[Given records]
______
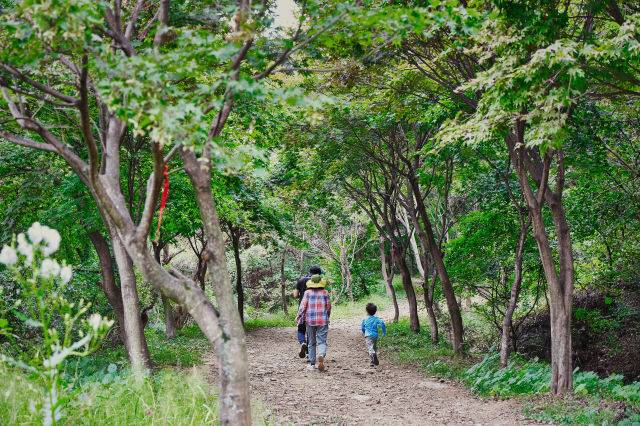 경기둘레길 안성 구간. 경기관광공사 제공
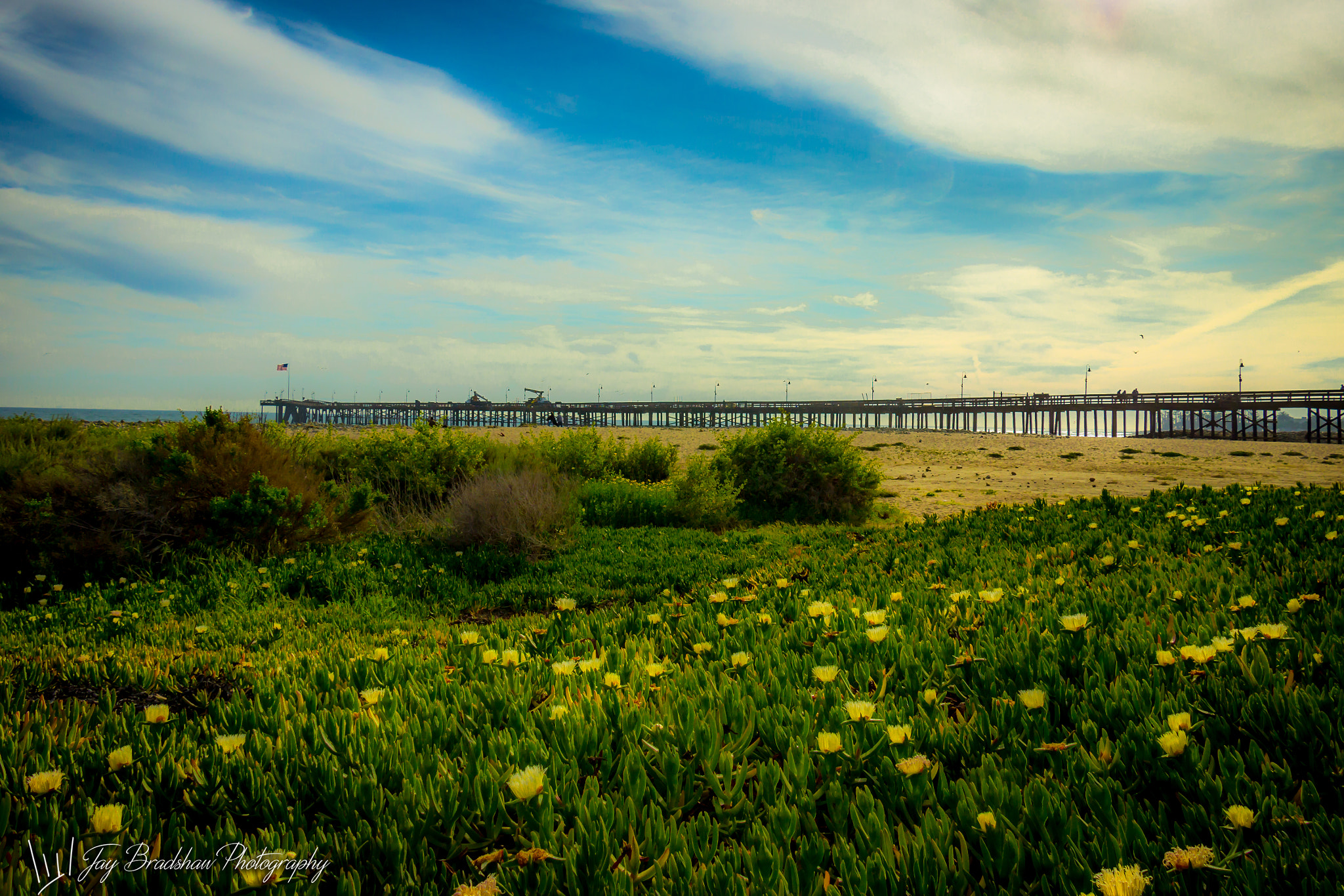 Canon EF-S 18-135mm F3.5-5.6 IS STM sample photo. Mcdreamy photography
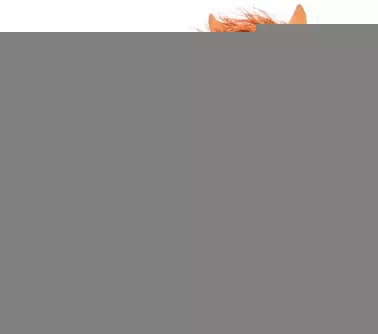 -photobooth anniversaire - photobooth baptême - photobooth Cergy - photobooth Corbeil-Essonnes - photobooth entreprise Paris - photobooth EVJF Paris - photobooth Île-de-France - photobooth mariage Paris - photobooth Melun - photobooth Pontoise - photobooth Yvelines - avis photobooth Paris - réservation photobooth Paris - Photobooth Paris contact - Photobooth Paris partenaires - Photobooth Paris équipe - videobooth 360 Paris-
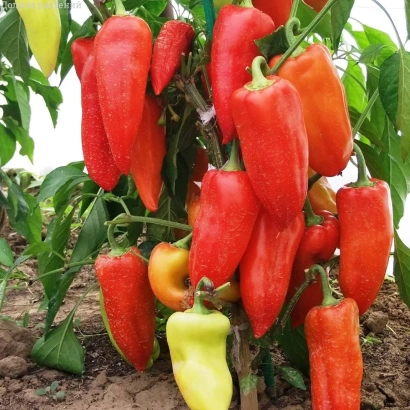 Красные и желтые перцы на растении - СИБИРСКИЙ КНЯЗЬ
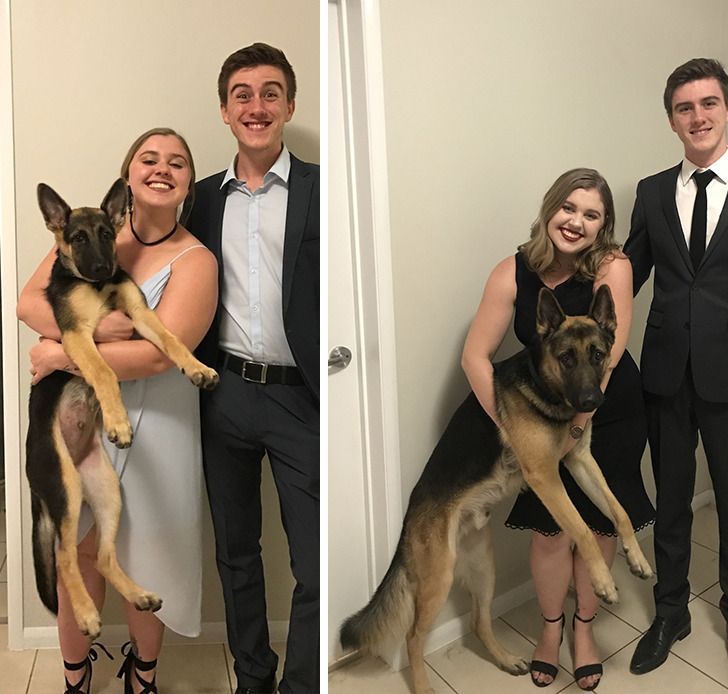 1d8a865cb893c306e030b51f06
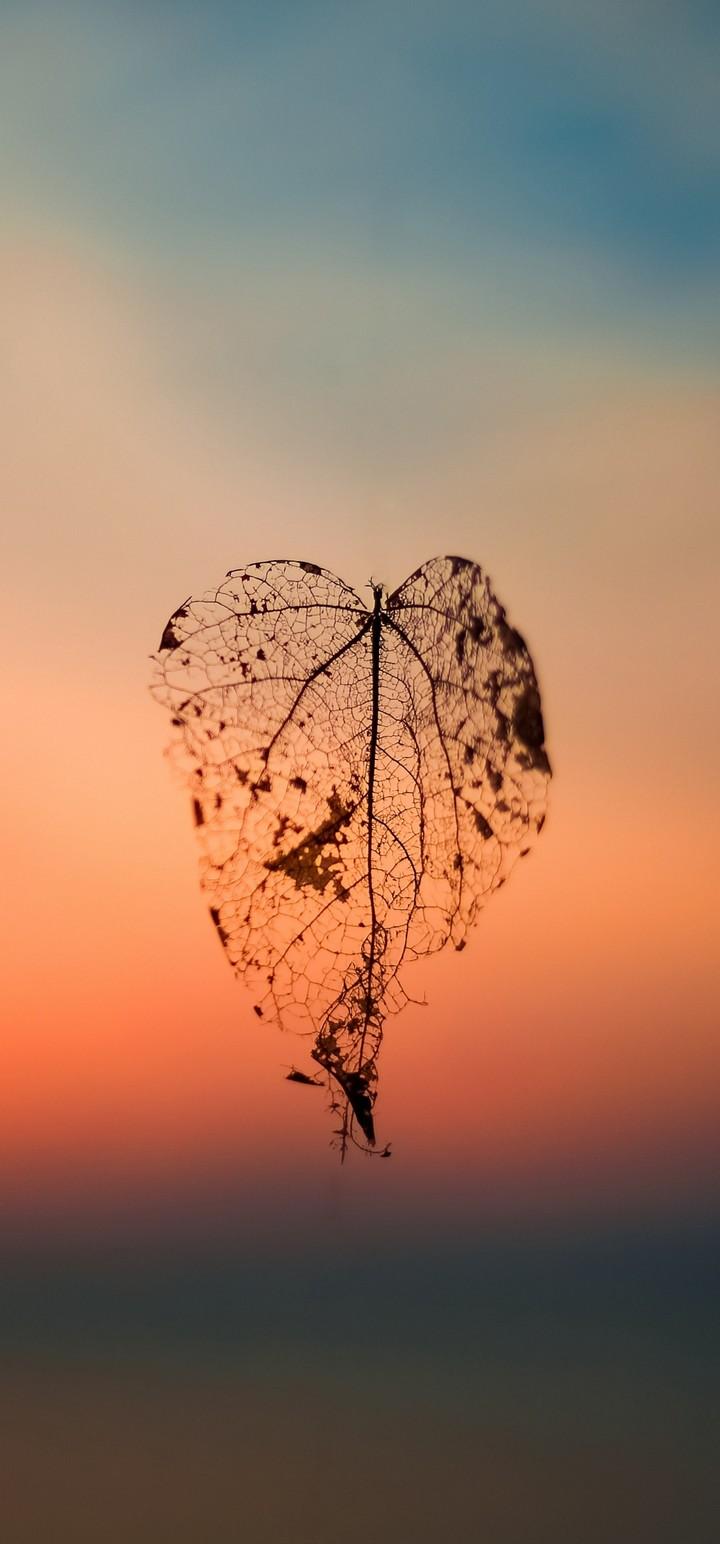 Leaf Autumn Blur Wallpapers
______
[Your task] The records need to be restated word for word, minus any images.

[Task output]
 경기둘레길 안성 구간. 경기관광공사 제공
 Canon EF-S 18-135mm F3.5-5.6 IS STM sample photo. Mcdreamy photography
 -photobooth anniversaire - photobooth baptême - photobooth Cergy - photobooth Corbeil-Essonnes - photobooth entreprise Paris - photobooth EVJF Paris - photobooth Île-de-France - photobooth mariage Paris - photobooth Melun - photobooth Pontoise - photobooth Yvelines - avis photobooth Paris - réservation photobooth Paris - Photobooth Paris contact - Photobooth Paris partenaires - Photobooth Paris équipe - videobooth 360 Paris-
 Красные и желтые перцы на растении - СИБИРСКИЙ КНЯЗЬ
 1d8a865cb893c306e030b51f06
 Leaf Autumn Blur Wallpapers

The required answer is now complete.